Thanks for refactoring the codes and fixing the bug! Overall looks good to me.

mlir/lib/Dialect/MemRef/Transforms/EmulateNarrowType.cpp
242

Nit: Can you add some comments for the logic behind this?

This revision is now accepted and ready to land.Aug 16 2023, 4:40 PM
hanchung requested changes to this revision.Aug 16 2023, 5:19 PM
hanchung added inline comments.
mlir/include/mlir/Dialect/MemRef/Utils/MemRefUtils.h
31–62

Can we just break it into two functions? Looking through the comment and usage, they are two methods with the same interface to me. Breaking it into two function and use them correctly helps readability a lot, and people won't be confused why std::ignore is used; they dont have to get back to the comments. The method name should just tell them what they get.

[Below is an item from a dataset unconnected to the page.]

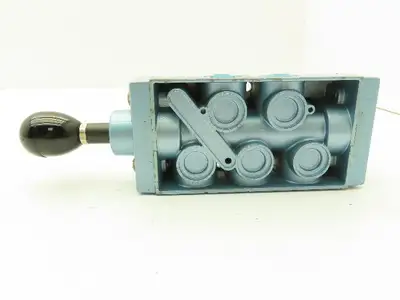 Honeywell Skinner S3B0BCX2 Pneumatic Directional Hand Lever Valve 5/2 Pos 1/4"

mlir/lib/Dialect/MemRef/Transforms/EmulateNarrowType.cpp
231–233

mlir style nit: do not add braces for single statement.

236–238

ditto

265–267

nit: remove braces

mlir/lib/Dialect/MemRef/Utils/MemRefUtils.cpp
56

hmm, should we pass the type to SmallVector? I'm surprised that it's working.

57–59

nit: remove braces

mlir/lib/Dialect/Vector/Transforms/VectorEmulateNarrowType.cpp
87–90

I don't follow this. I thought that we should do vector.load on a linearized based pointer (i.e., void*) with a linearized index?

This revision now requires changes to proceed.Aug 16 2023, 5:19 PM
mravishankar marked 5 inline comments as done.Aug 16 2023, 8:13 PM
mravishankar added inline comments.
mlir/include/mlir/Dialect/MemRef/Utils/MemRefUtils.h
31–62

I think the std::ignore is unrelated. Its about whether the caller needs LinearizedMemRefInfo or linearizedIndices. Depending on the use case you need one or the other, and the logic to compute these are pretty much similar. So I'd rather not have a combinatorial explosion in the number of API entries, with different callers having to do pretty issue the same sequence of calls. There is no IR overhead since all of this is done through makeFoldedComposedAffineApplyOps.

mlir/lib/Dialect/MemRef/Utils/MemRefUtils.cpp
56

I dont think we need to. Not sure I see the issue here. Its creating a new vector from indices and is resized if it empty.

mlir/lib/Dialect/Vector/Transforms/VectorEmulateNarrowType.cpp
87–90

Yes, it is using the linearizedIndices to do the vector.load. Not sure I follow the question.

Address comments.

hanchung accepted this revision.Aug 17 2023, 11:16 AM
hanchung added inline comments.
mlir/lib/Dialect/MemRef/Transforms/EmulateNarrowType.cpp
64–68

style nit: use auto. dyn_cst and cast already spell the type.

139–140

Don't we need a check to avoid infinite loop? It's probably get converged after applying the pattern 10 times, but I think we still want to bail out if it's already converted?

if (op.getMemRefType() == convertedType)
  return failure();
mlir/lib/Dialect/Vector/Transforms/VectorEmulateNarrowType.cpp
87–90

I think I follow the logic now... My question was why it is adpator.getBase(), but not something related to stridedMetadata.getBaseBuffer(). It looks like you assume that all the sources should be flattened to 1D memref in the pass as well?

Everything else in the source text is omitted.